## ABOUT THIS TASK
Print all the data below exactly, without images.

## THE INPUT

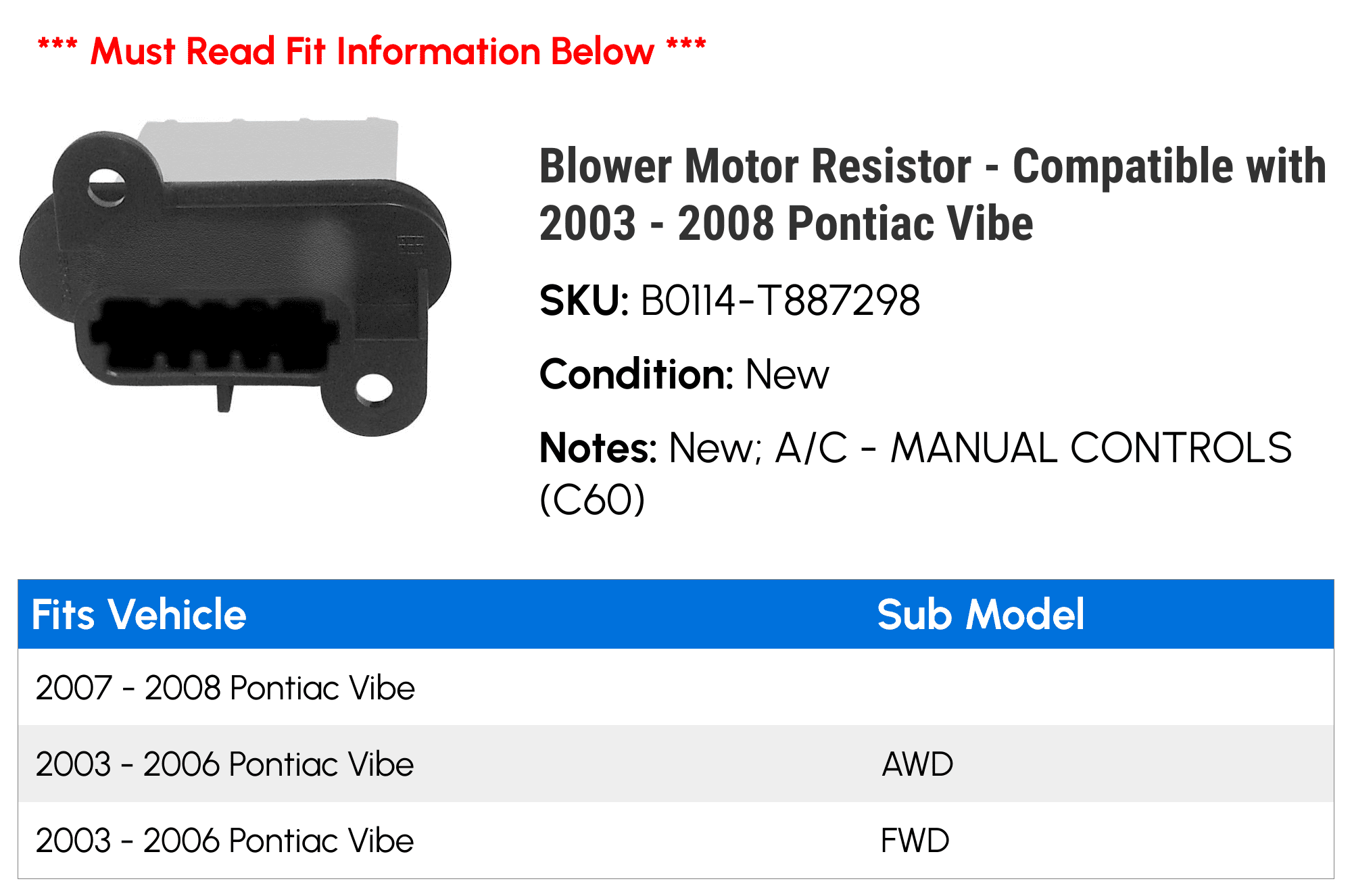 Blower Motor Resistor - Compatible with 2003 - 2008 Pontiac Vibe - AC Delco
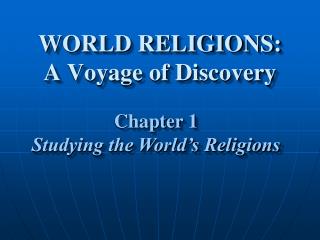 WORLD RELIGIONS: A Voyage of Discovery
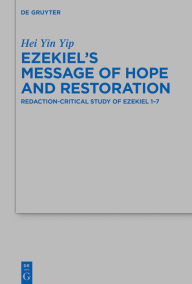 Title: Ezekiel's Message of Hope and Restoration: Redaction-Critical Study of Ezekiel 1-7, Author: Hei Yin Yip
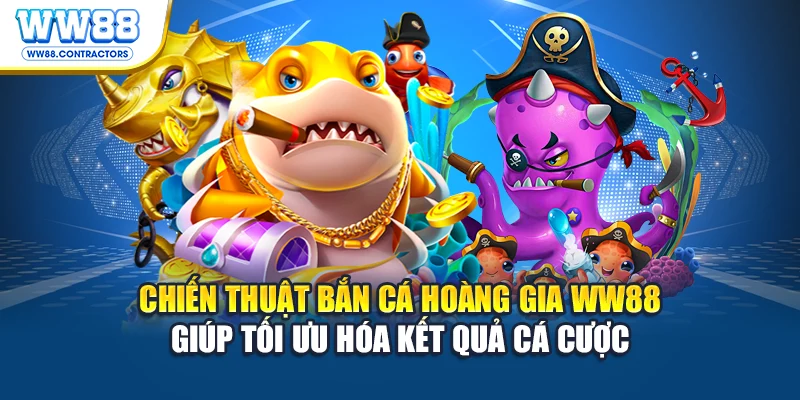 Chiến thuật bắn cá hoàng gia WW88 giúp tối ưu hóa kết quả cá cược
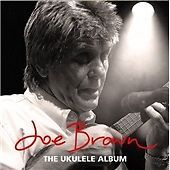 Joe Brown: The Ukulele Album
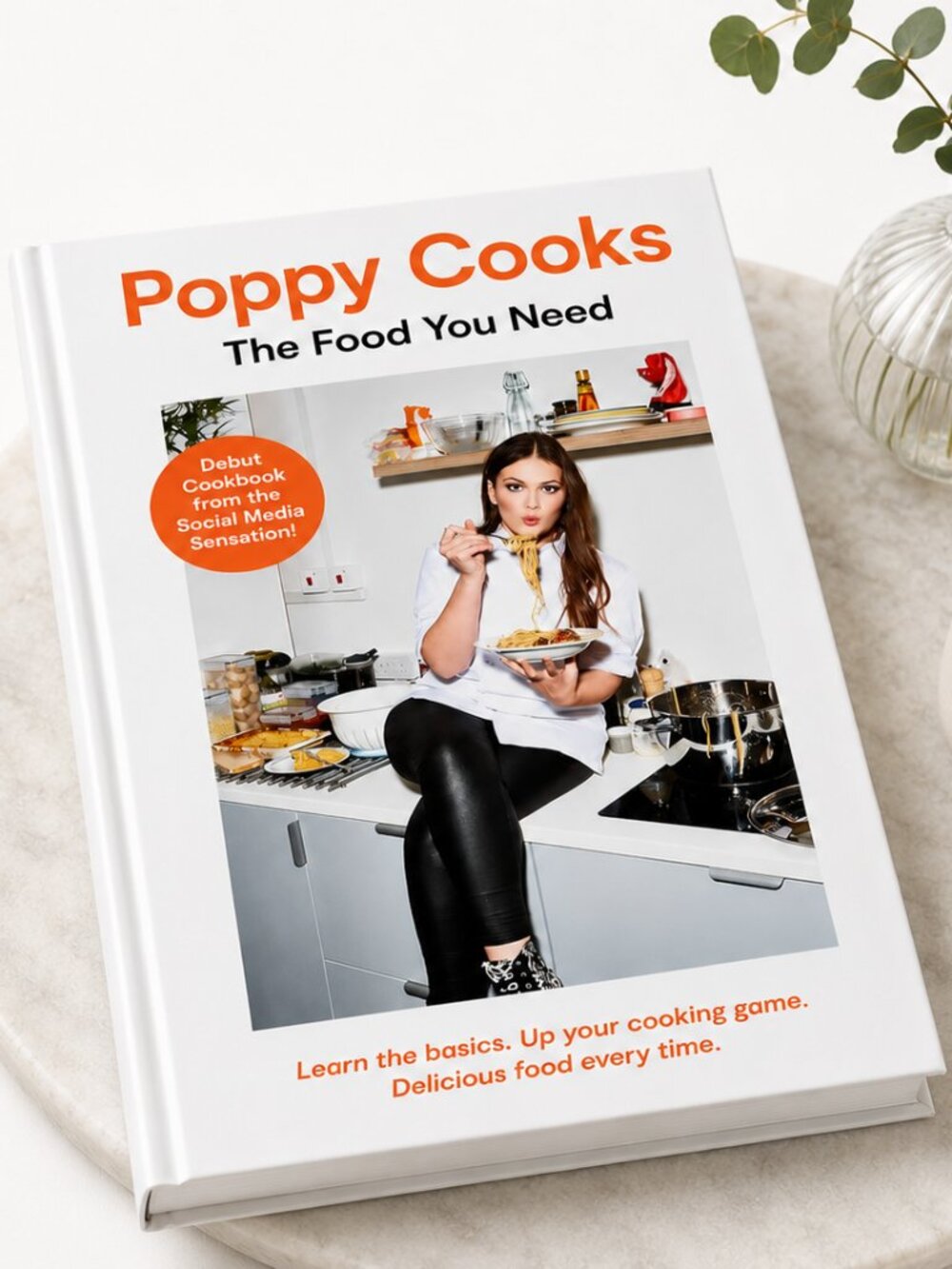 Poppy Cooks The Food You Need Cookbook Poppy O'Toole Hardcover NWT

## TASK ANSWER
 Blower Motor Resistor - Compatible with 2003 - 2008 Pontiac Vibe - AC Delco
 WORLD RELIGIONS: A Voyage of Discovery
 Title: Ezekiel's Message of Hope and Restoration: Redaction-Critical Study of Ezekiel 1-7, Author: Hei Yin Yip
 Chiến thuật bắn cá hoàng gia WW88 giúp tối ưu hóa kết quả cá cược
 Joe Brown: The Ukulele Album
 Poppy Cooks The Food You Need Cookbook Poppy O'Toole Hardcover NWT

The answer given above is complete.